Nachfolgend werden nur bauplanungsrechtliche Festsetzungen dargestellt:

Maßgeblich ist zunächst die räumliche Abgrenzung des Geltungsbereichs des Bebauungsplans. Denn die Festsetzungen des Bebauungsplans gelten nur für die Flächen, die innerhalb des abgegrenzten Bereichs liegen.

 

Der Geltungsbereich eines Bebauungsplans wird durch eine breit gestrichelte Linie abgegrenzt (s. Z. 15.13. Planzeichenverordnung).

83

Zentraler Regelungsinhalt jedes Bebauungsplans ist die Festsetzung zur Art der Nutzung, denn damit wird unter Bezugnahme auf die BauNVO festgelegt, ob in dem Gebiet beispielsweise Wohnen, Gewerbe, Landwirtschaft oder Vergnügungsstätten zulässig sind (s. §§ 1 ff.
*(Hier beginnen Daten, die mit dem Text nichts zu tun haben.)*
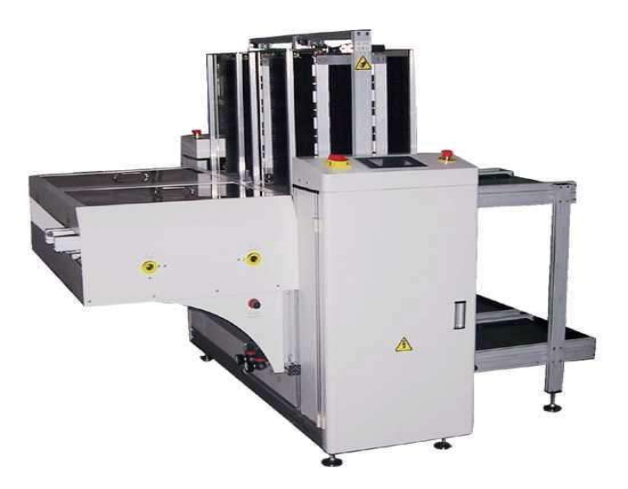 TYtech SMT machine PCB NG/OK PCB Unloader pcb loader unloader in SMT production line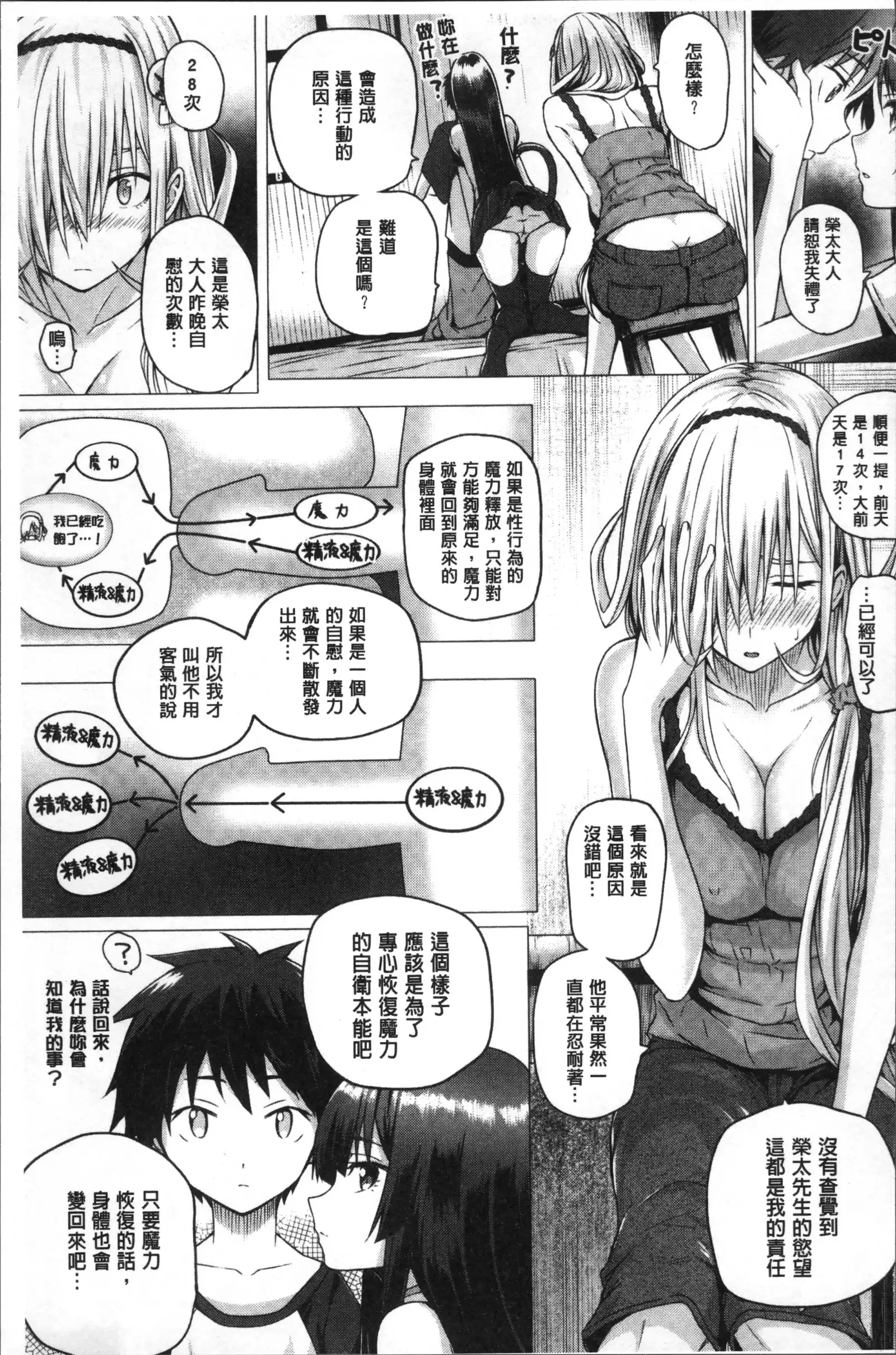 Isekai no Mahoutsukai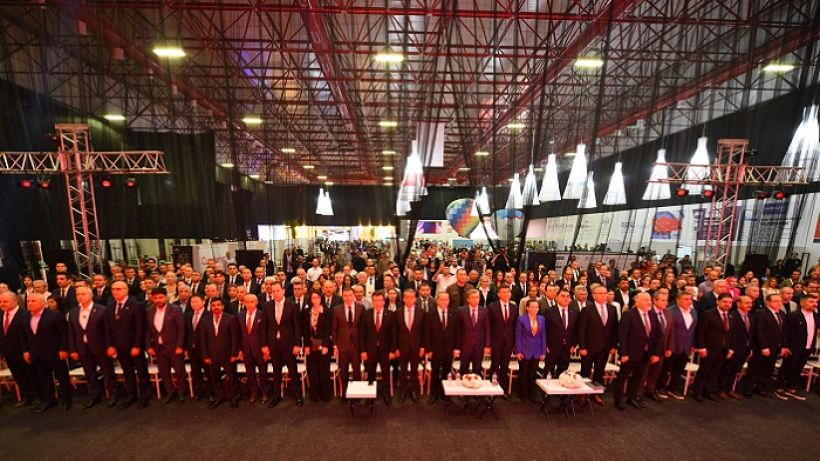 Turizmin Kalbi Antalya’da Atıyor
BauNVO, Ziff. 1 Planzeichenverordnung).


Aus dem hier abgedruckten Bebauungsplan kann herausgelesen werden, dass ein allgemeines Wohngebiet (WA) festgesetzt ist und somit die in § 4 BauNVO aufgeführten Nutzungen zulässig sind.

84

Im Hinblick auf das Maß der baulichen Nutzung und der überbaubaren Grundstücksfläche wird festgelegt, wie hoch die bauliche Ausnutzung von Grundstücken sein darf und welche Teile der Grundstücke überhaupt überbaut werden dürfen. Das Maß der baulichen Nutzung wird in der BauNVO vor allem durch die Grundflächenzahl (GRZ), die Geschossflächenzahl (GFZ), die Zahl der Vollgeschosse bzw. die Höhe baulicher Anlagen (beispielsweise Wandhöhe, Traufhöhe, Firsthöhe) definiert. Aus dem hier abgedruckten Auszug des Bebauungsplans kann demzufolge herausgelesen werden, dass die maximale Wandhöhe 4,50 m betragen darf und dass die Grundflächenzahl auf 0,4 begrenzt ist.

85

Neben der Art und dem Maß der baulichen Nutzung können im Bebauungsplan noch eine Vielzahl von weiteren Vorgaben festgesetzt werden. Im vorliegenden Fall sind dies beispielsweise Baugrenzen, mit denen die überbaubare Grundstücksfläche definiert wird, sowie Festsetzungen für die Anpflanzung von Bäumen oder Flächen für Leitungsrechte.

Wie das Beispiel zeigt, kann mithilfe der Legende, der BauNVO und der Planzeichenverordnung ein Bebauungsplan ohne große Mühe dechiffriert werden. Im Hinblick auf den einzelnen Regelungsgehalt der BauNVO wird auf die Ausführungen unter Rn. 95 ff. verwiesen.